Task statement ->
Please repeat, from the entries that follow, the lines from the one containing "G2R-1-SN OMRON 24VDC RELÉ" through the one containing "Nespresso aromatisé" exactly, adding nothing.

Dataset records ->
%%
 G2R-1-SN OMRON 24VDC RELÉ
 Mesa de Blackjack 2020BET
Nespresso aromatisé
%%
%%
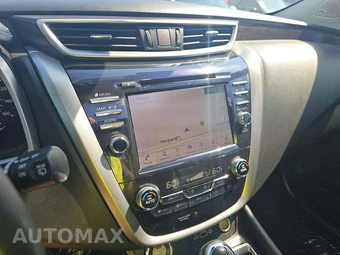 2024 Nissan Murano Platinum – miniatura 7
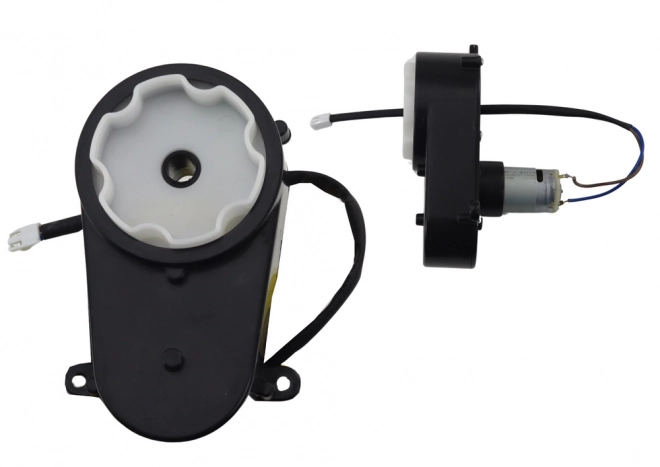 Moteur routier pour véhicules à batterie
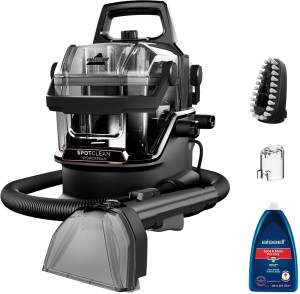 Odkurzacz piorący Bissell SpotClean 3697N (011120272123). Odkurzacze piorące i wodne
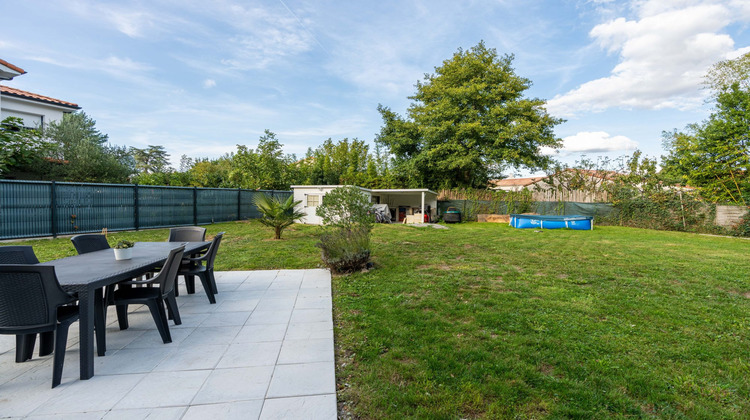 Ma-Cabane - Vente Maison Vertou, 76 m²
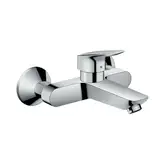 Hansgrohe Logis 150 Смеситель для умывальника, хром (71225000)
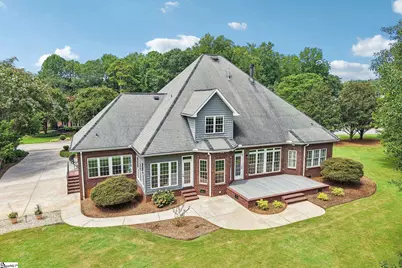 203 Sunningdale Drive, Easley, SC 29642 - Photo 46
%%
Result below ->
 G2R-1-SN OMRON 24VDC RELÉ
 Mesa de Blackjack 2020BET
Nespresso aromatisé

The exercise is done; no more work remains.